Neil Gaiman est un conteur hors pair. Je pense qu'on peut tous s'accorder sur ce point. S’il trône tout en haut de mon panthéon, ce n’est pas pour rien non plus. Son approche des histoires me parle. Il y a quelque chose qui, lorsque je me plonge dans une de ses œuvres, vibre à la même fréquence que moi, se superpose merveilleusement à ce que j’attends d’un récit et à la place qu’occupe l’imaginaire dans ma vie.
La première fois que j’ai découvert son travail, c’était au travers des pages de Sandman. J’ai tout de suite su que cette histoire allait me marquer, que lui et moi, ça serait pour la vie. Même aujourd’hui, même après les accusations, je ne peux me résoudre à abandonner ses créations. Elles sont trop solidement harnachées à moi. L'homme s'efface derrière son travail.
De cet héritage, je retiens un souffle aussi poétique que divertissant. À la marge du fantastique et de la fantasy, nourrie de légendes, de contes et de mythes en tout genre, la voix de Gaiman aura imposé un imaginaire immédiatement reconnaissable. Son legs résonne aujourd’hui encore, se répercutant dans les couloirs du temps. Maints auteurs semblent être de ses enfants, tant l'emprunt de son œuvre a fait des émules. Je pense à Ram V, James Tynion, Mike Carey, et tant d'autres...

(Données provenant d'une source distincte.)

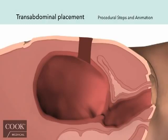For transabdominal placement of the BACRI postpartum balloon after a cesarean delivery, you can see many of the same steps are followed. The main difference is how the balloon is inserted.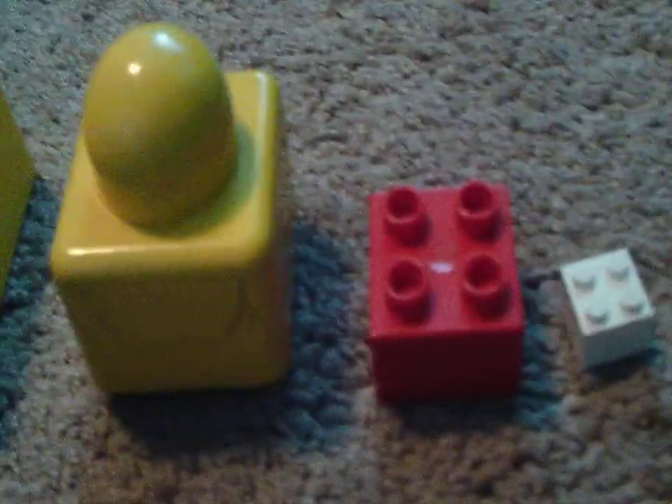Oh my goodness, quite different sizes. So I have System, Duplo, Primo, and Quattro right here. Quattro is a bit bigger but not as tall — it's a little bit bigger overall, as you can tell.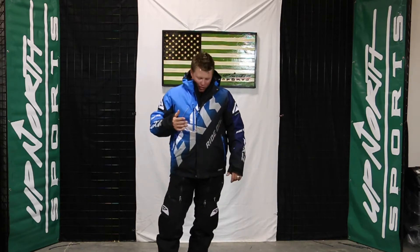FXR does a phenomenal job too. They have some matching helmets that are going to go with this and gloves, so we'll have the full suit here for you. I actually have this paired up with the Renegade pant, but any of the FXR pants will go with that too.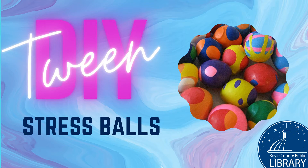Today I'm going to be showing you all how to make stress balls. Make sure you have your bag of supplies and find a good place to set up. If you weren't able to get a grab bag, you can gather these supplies from around your house and follow along.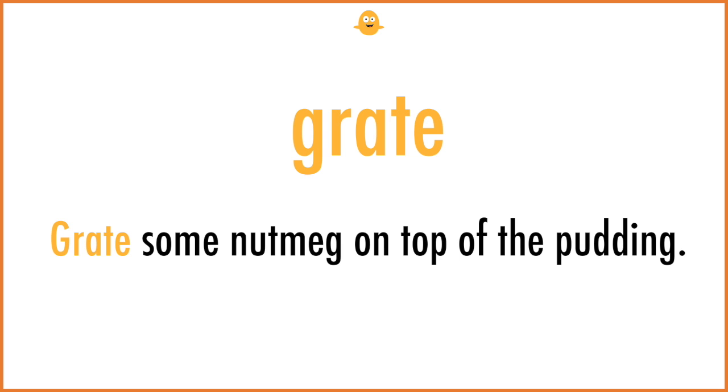Grate. Grate some nutmeg on the top of the pudding.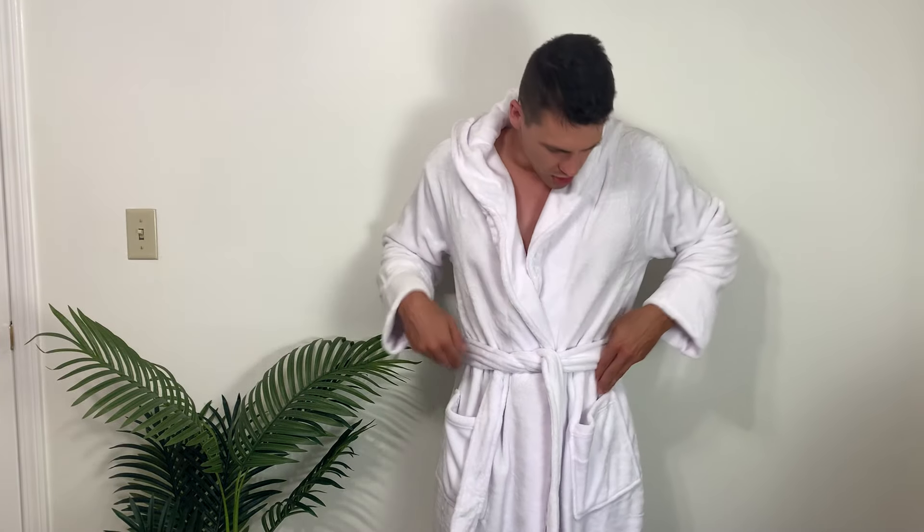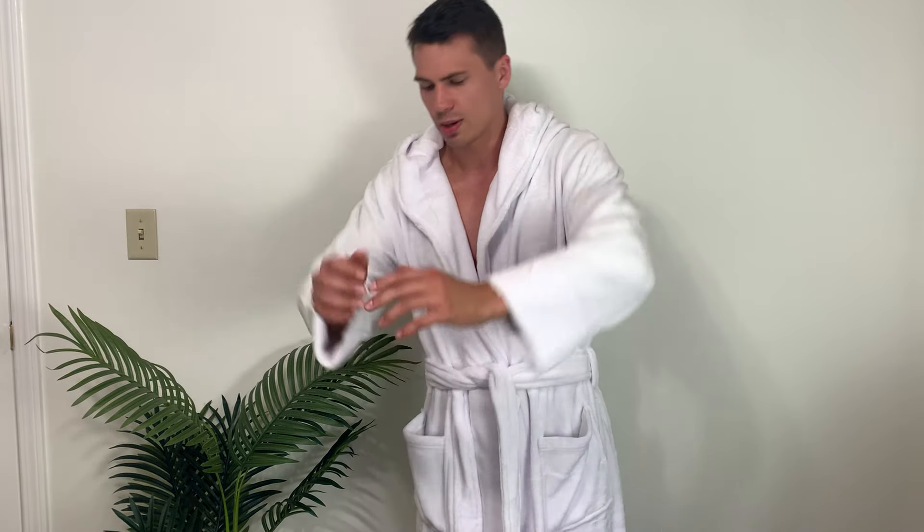We do have two pockets here. So if you're walking down the driveway to check the mail or something, you can put your mail in there — anything you might need to bring with you. If you're having coffee in the morning, you can put your phone in there as you walk around the house.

Tout ça pour dire que lorsque j’ai rangé sur mon étagère, avec grand-peine, mon dernier volume de Sandman durant l’été 2020, quelle ne fut pas ma joie de découvrir que le monsieur possédait une prolifique carrière de romancier. Aussi, je me précipite dans ma librairie la plus proche et achète ce Neverwhere (que je relis avec la même délectation 6 ans plus tard). Lorsque je rentre chez moi, m’assois et tourne les premières pages, quelque chose d’inexplicable se produit, comme le bruit d’un cliquetis sous mon crâne : Gaiman vient de nouveau d’ouvrir une porte dont j’ignorais jusqu’à l’existence. L’horizon d’un monde entier offert, de toutes ses possibilités qui se déploie dans la légèreté élégante d’une simple feuille de papier. Je découvre, les yeux brillants : la fantasy-urbaine.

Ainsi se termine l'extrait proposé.